Quantum-Enhanced Secure Approval Voting Protocol
Saiyam Sakhuja, S. Balakrishnan
TL;DR
The paper addresses the vulnerability of classical cryptographic voting to quantum attacks by proposing a quantum-enabled approval voting protocol that uses entanglement, amplitude encoding, blockchain, and digital signatures, powered by $n = \lceil \log_2 N \rceil$ qubits for $N$ candidates. It defines a full workflow with initialization, voting, and tally phases, implements the scheme in Qiskit for a four-candidate scenario, and analyzes security properties including anonymity, binding, non-reusability, verifiability, eligibility, and fairness.
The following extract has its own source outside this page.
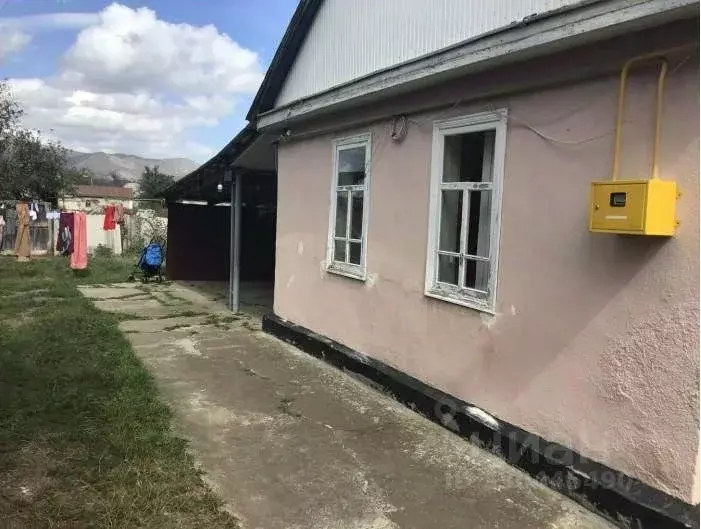 Дом в Карачаево-Черкесия, Зеленчукская ст-ца пер. Гражданский, 13 (40 ... - Фото 1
A security-centric analysis coupled with practical experiments on IBM quantum hardware demonstrates low error rates in the single-digit percent range (reported as $\approx$1.17% in the abstract, with $1.66\%$ and $1.36\%$ observed on two devices), indicating feasibility of near-term quantum-assisted secure elections. The work contributes a concrete, testable quantum voting architecture that integrates quantum information primitives with blockchain-based tamper resistance and signature-based authentication, offering a path toward quantum-resilient, verifiable, and fair approval voting in real-world settings.
Abstract
In a world where elections touch every aspect of society, the need for secure voting is paramount. Traditional safeguards, based on classical cryptography, rely on complex math problems like factoring large numbers. However, quantum computing is changing the game. Recent advances in quantum technology suggest that classical cryptographic methods may not be as secure as we thought. This paper introduces a quantum voting protocol, a blend of quantum principles (entanglement and superposition), blockchain technology, and digital signatures, all powered by $\log_2{n}$ qubits, and designed for approval voting with n candidates. The result is a symphony of security features - binding, anonymity, non-reusability, verifiability, eligibility, and fairness - that chart a new course for voting security. The real world beckons, as we tested this protocol on IBM quantum hardware, achieving impressively low error rates of just 1.17% in a four-candidate election.